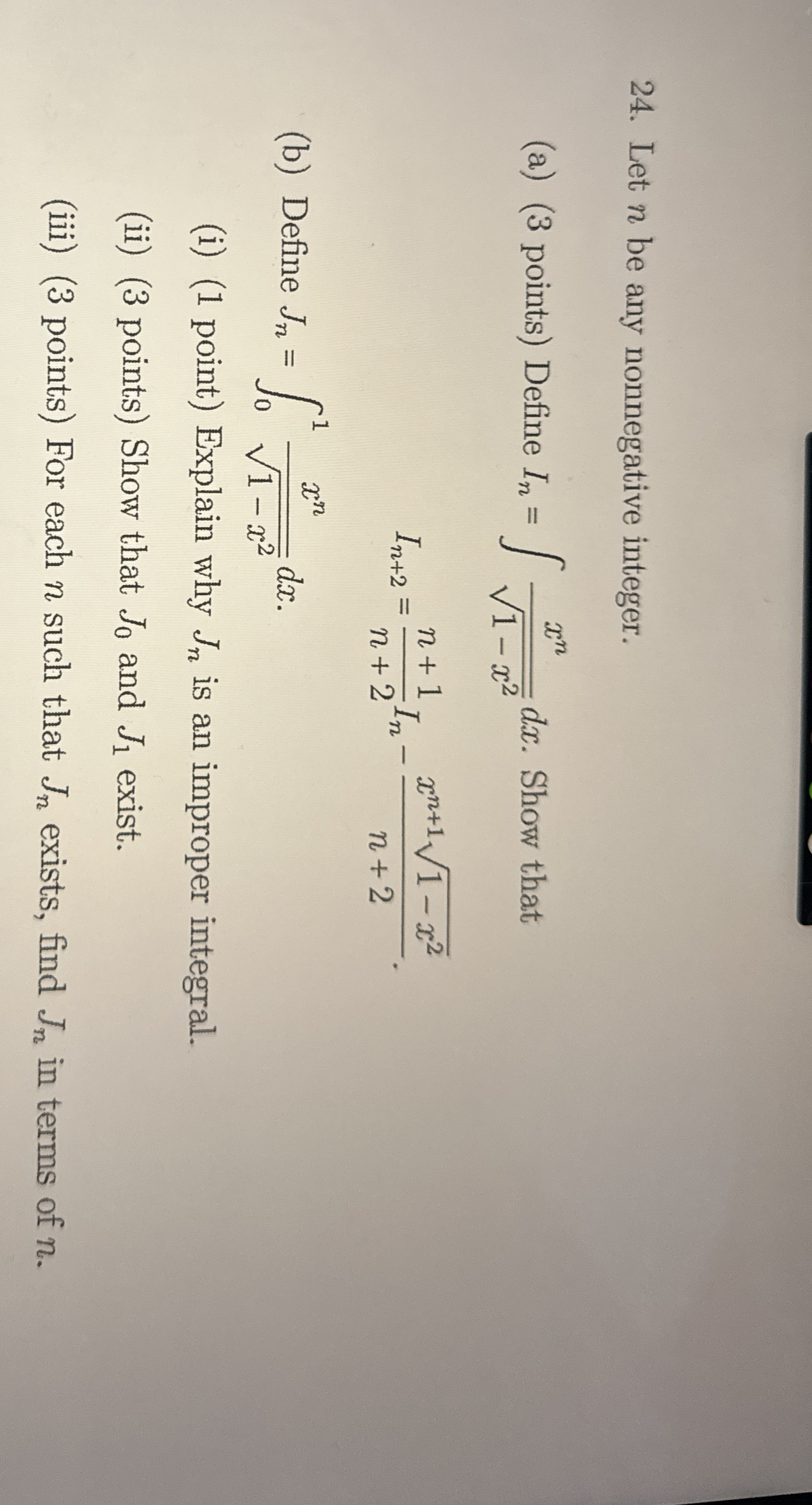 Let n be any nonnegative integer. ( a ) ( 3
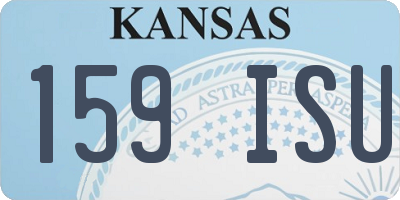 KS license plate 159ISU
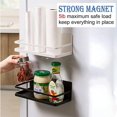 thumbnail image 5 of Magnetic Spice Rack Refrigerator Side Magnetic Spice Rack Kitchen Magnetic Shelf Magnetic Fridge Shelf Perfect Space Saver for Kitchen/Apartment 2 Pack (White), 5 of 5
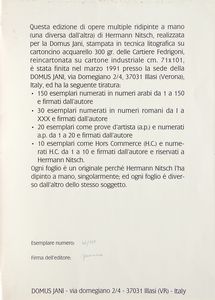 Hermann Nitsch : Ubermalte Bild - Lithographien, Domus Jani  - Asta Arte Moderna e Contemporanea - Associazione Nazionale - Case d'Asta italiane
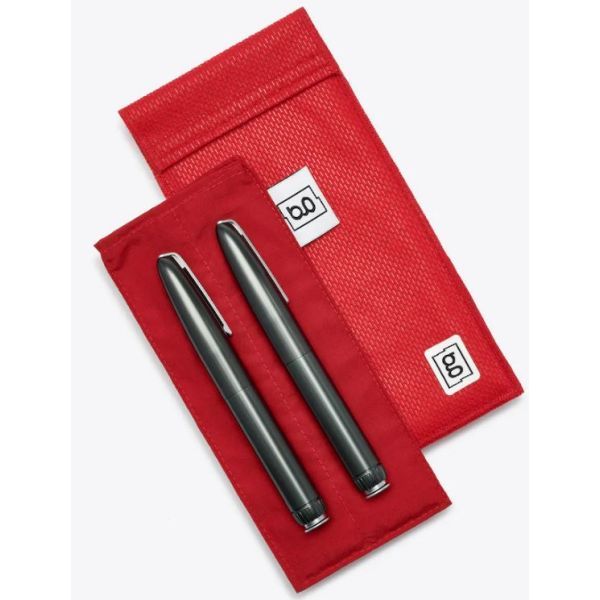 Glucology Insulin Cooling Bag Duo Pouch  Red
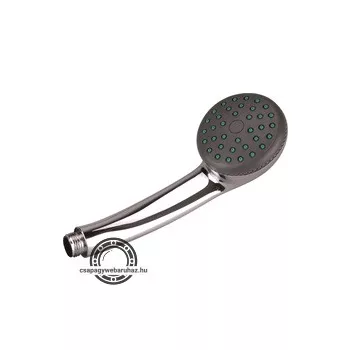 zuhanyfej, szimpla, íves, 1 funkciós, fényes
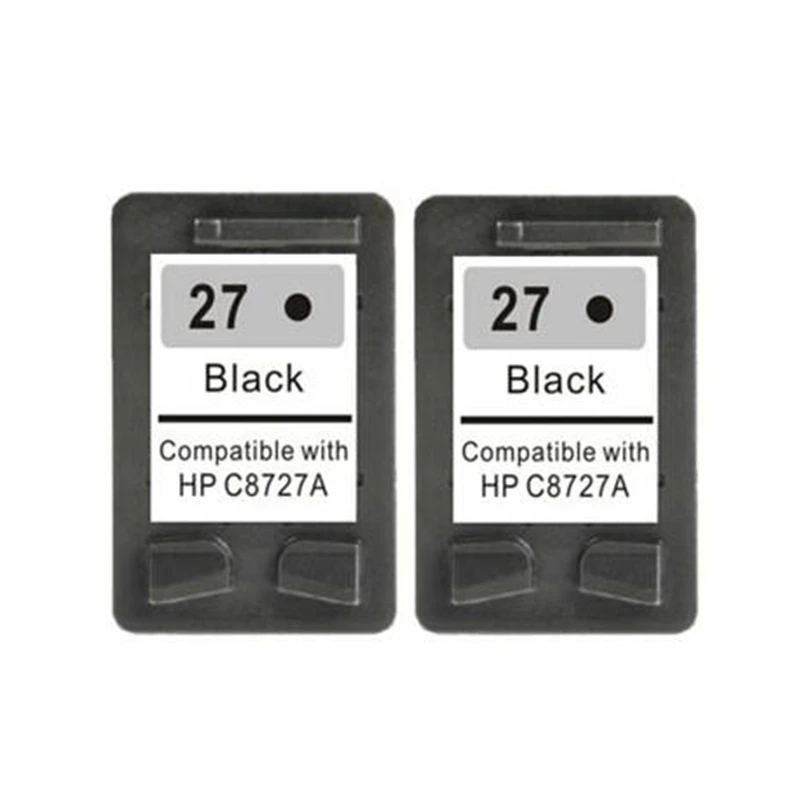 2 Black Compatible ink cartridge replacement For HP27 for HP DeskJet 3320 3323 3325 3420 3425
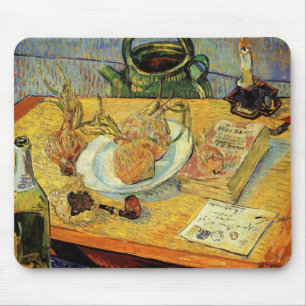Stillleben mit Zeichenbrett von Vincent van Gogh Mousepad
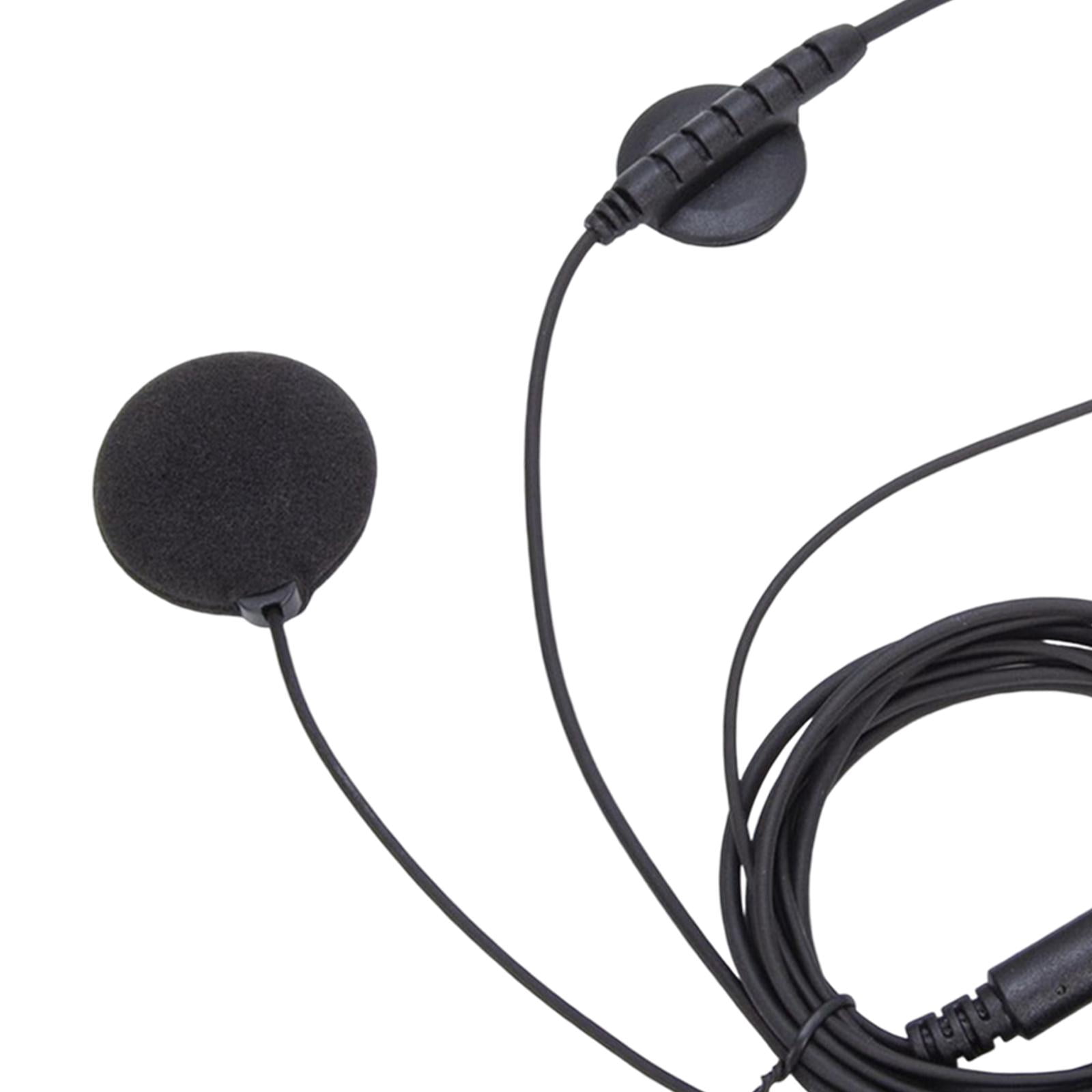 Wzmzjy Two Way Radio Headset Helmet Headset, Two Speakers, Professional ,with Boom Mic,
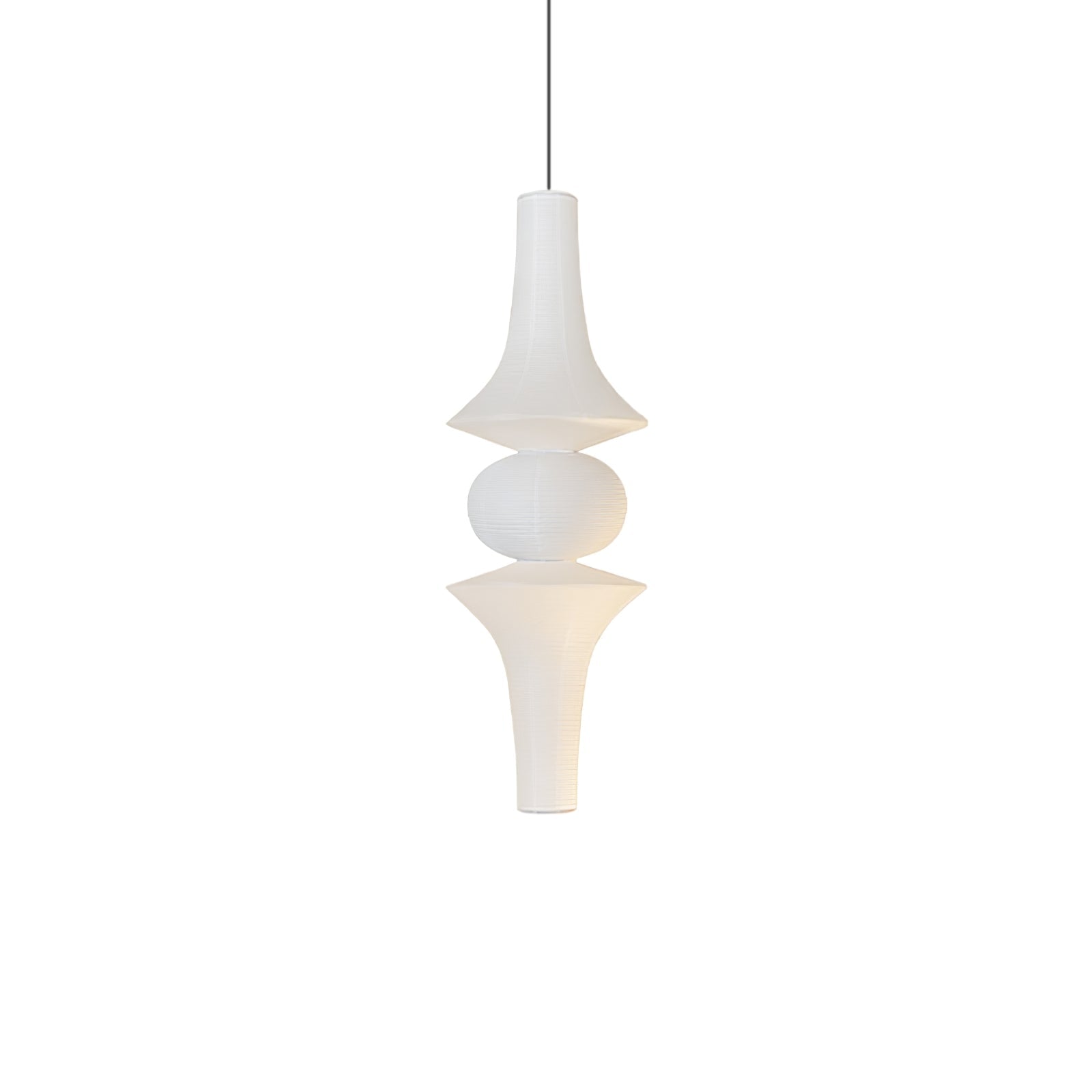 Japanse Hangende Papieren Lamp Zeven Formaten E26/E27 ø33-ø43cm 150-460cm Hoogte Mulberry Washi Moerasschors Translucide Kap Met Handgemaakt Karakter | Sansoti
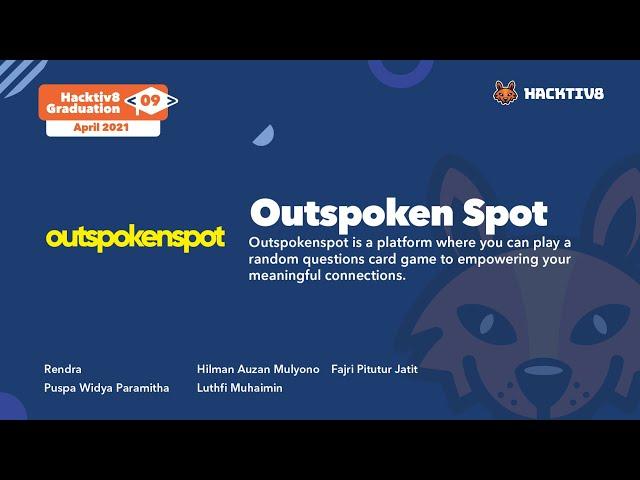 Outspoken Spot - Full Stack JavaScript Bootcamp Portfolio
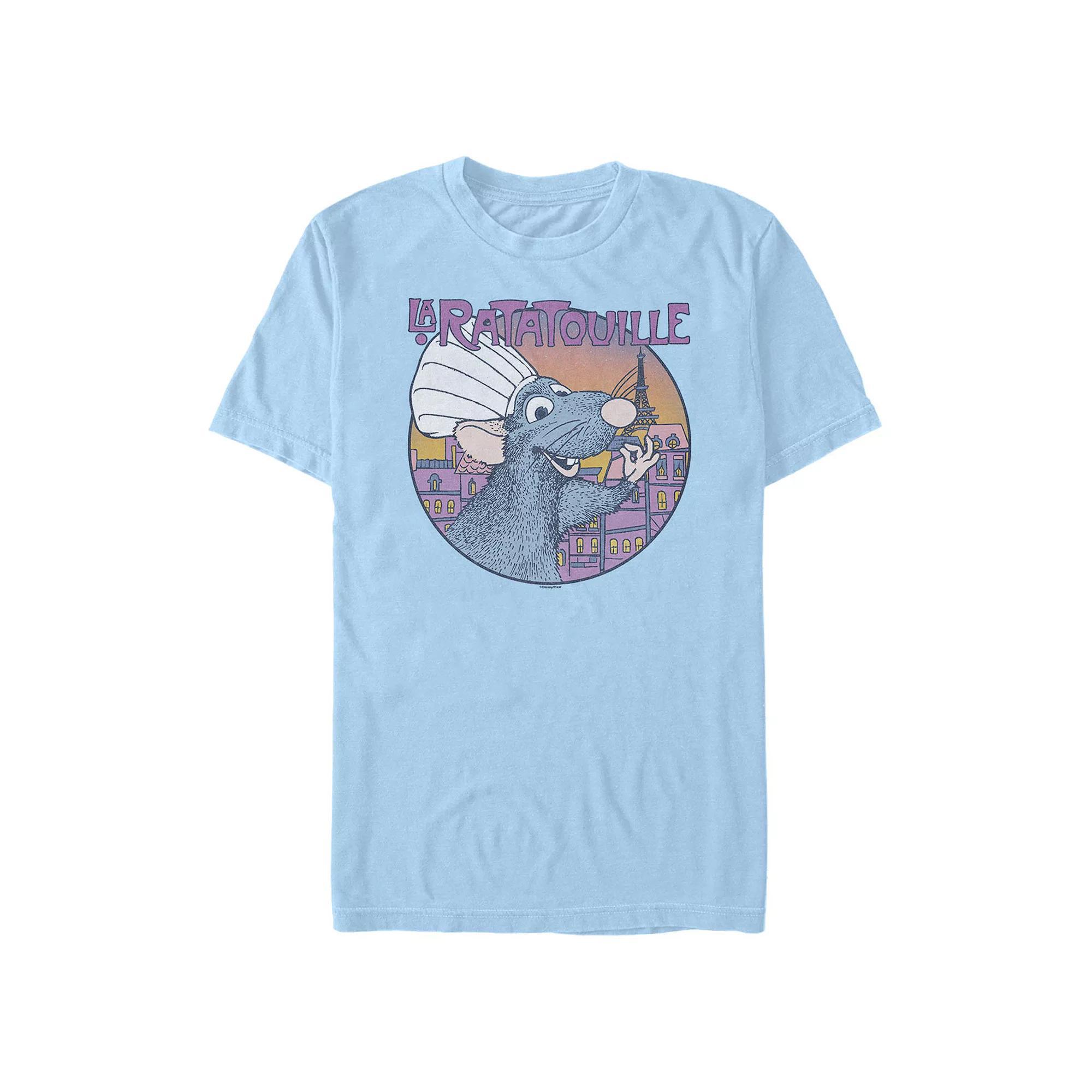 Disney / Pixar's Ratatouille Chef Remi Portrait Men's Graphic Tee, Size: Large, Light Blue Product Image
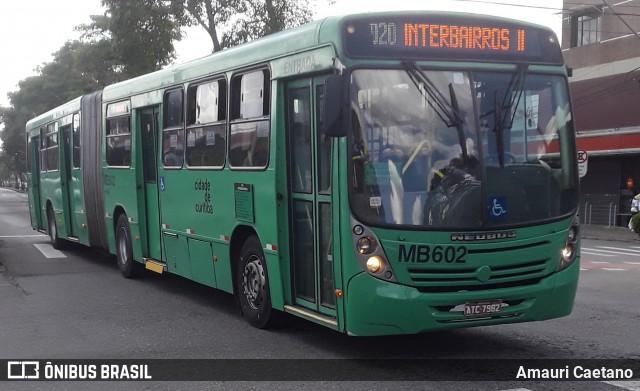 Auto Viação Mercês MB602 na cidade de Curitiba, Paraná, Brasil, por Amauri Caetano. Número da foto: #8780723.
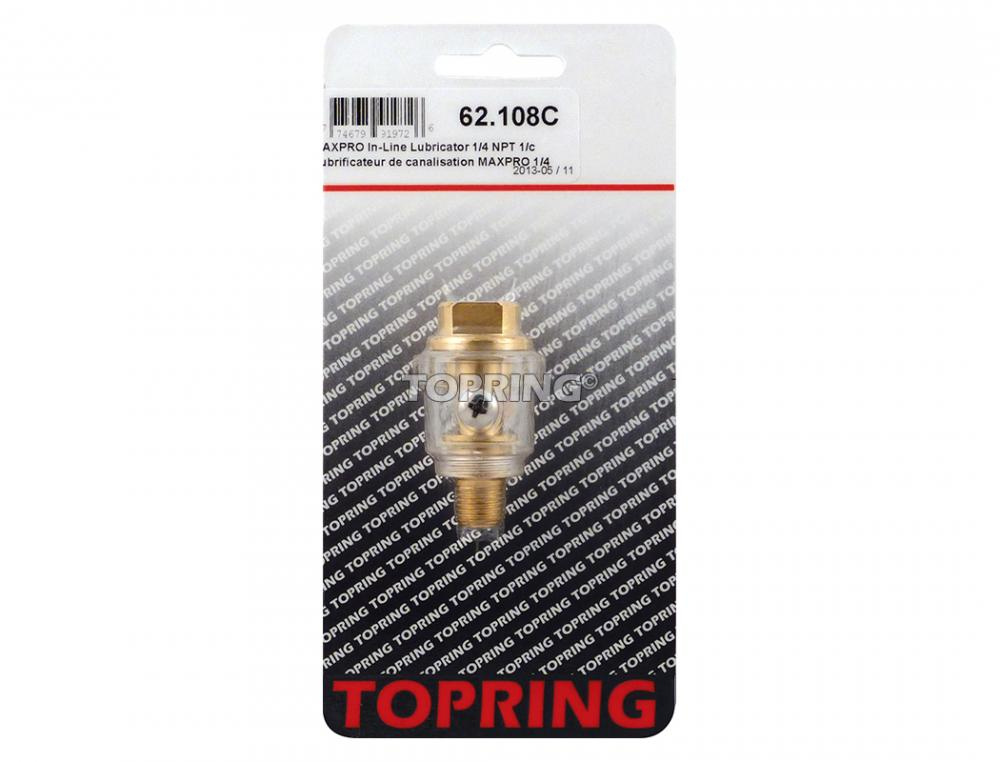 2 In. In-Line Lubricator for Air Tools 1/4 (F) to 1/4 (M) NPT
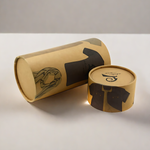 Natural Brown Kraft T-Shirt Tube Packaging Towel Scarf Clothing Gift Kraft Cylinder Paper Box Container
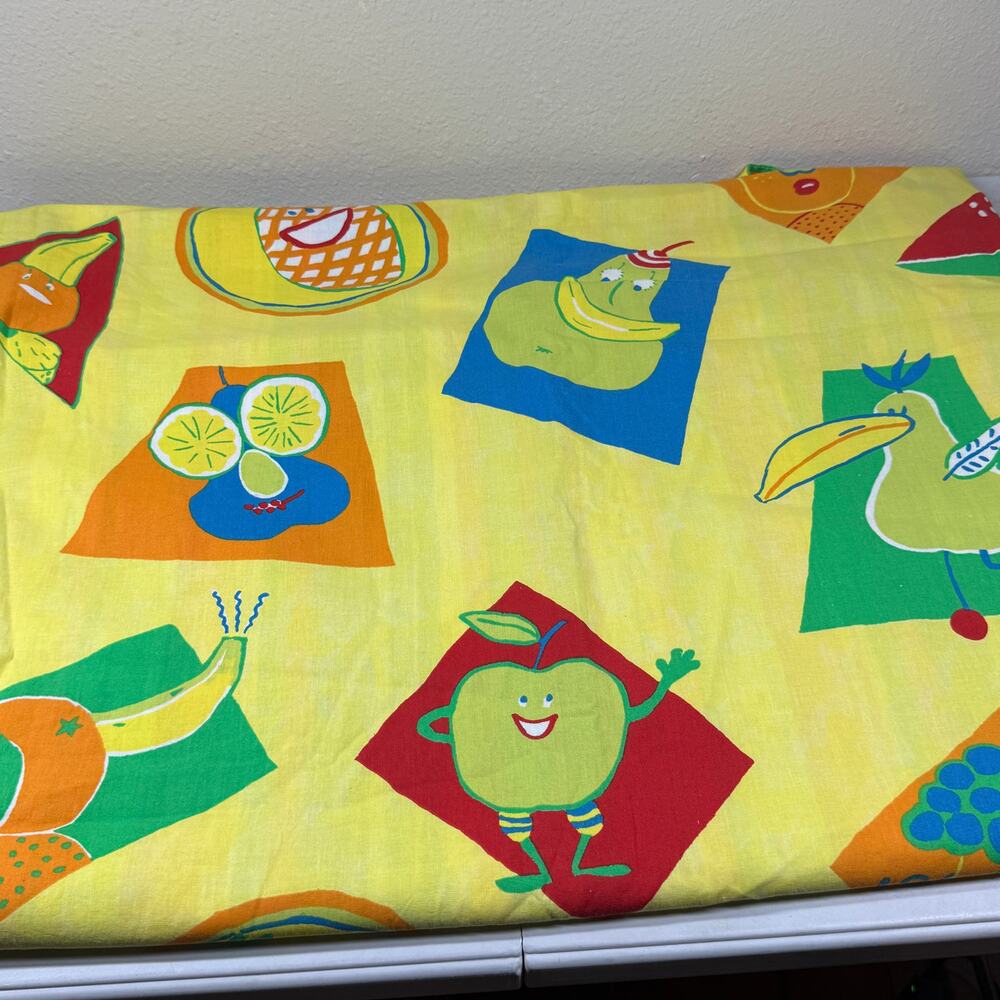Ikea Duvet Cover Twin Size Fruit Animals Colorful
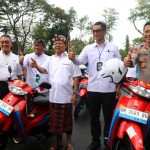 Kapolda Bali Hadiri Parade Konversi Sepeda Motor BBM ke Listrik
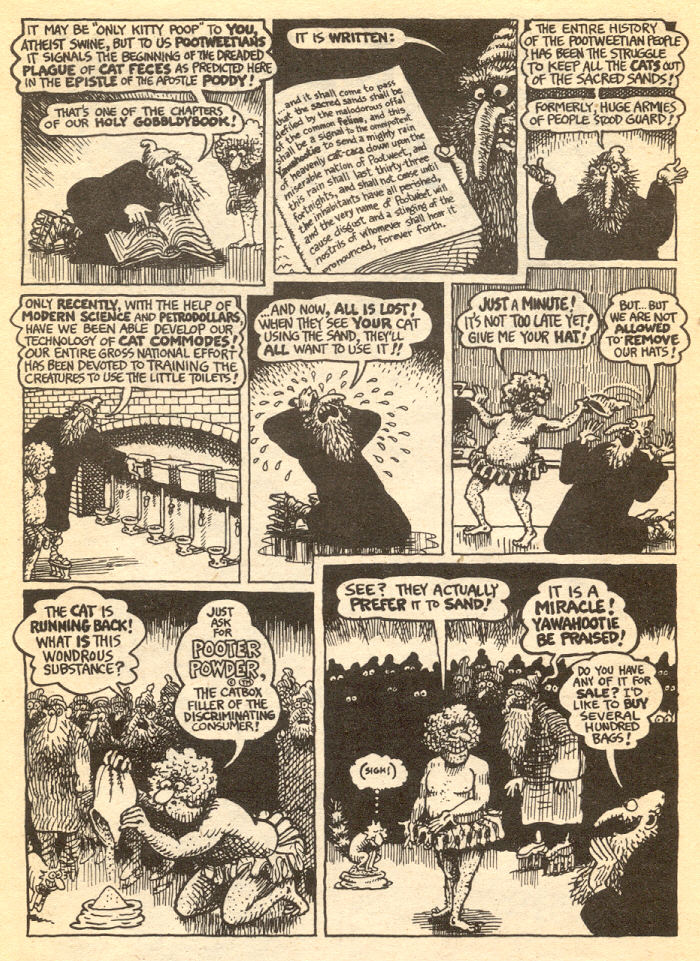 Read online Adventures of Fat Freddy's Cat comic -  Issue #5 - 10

*Work to be completed*:
In the records, the line containing "Japanse Hangende Papieren" starts the span and the final line ends it. Output exactly that span, both ends included, with no pictures and nothing else.

*Answer to this problem*:
 Japanse Hangende Papieren Lamp Zeven Formaten E26/E27 ø33-ø43cm 150-460cm Hoogte Mulberry Washi Moerasschors Translucide Kap Met Handgemaakt Karakter | Sansoti
 Outspoken Spot - Full Stack JavaScript Bootcamp Portfolio
 Disney / Pixar's Ratatouille Chef Remi Portrait Men's Graphic Tee, Size: Large, Light Blue Product Image
 Auto Viação Mercês MB602 na cidade de Curitiba, Paraná, Brasil, por Amauri Caetano. Número da foto: #8780723.
 2 In. In-Line Lubricator for Air Tools 1/4 (F) to 1/4 (M) NPT
 Natural Brown Kraft T-Shirt Tube Packaging Towel Scarf Clothing Gift Kraft Cylinder Paper Box Container
Ikea Duvet Cover Twin Size Fruit Animals Colorful
 Kapolda Bali Hadiri Parade Konversi Sepeda Motor BBM ke Listrik
 Read online Adventures of Fat Freddy's Cat comic -  Issue #5 - 10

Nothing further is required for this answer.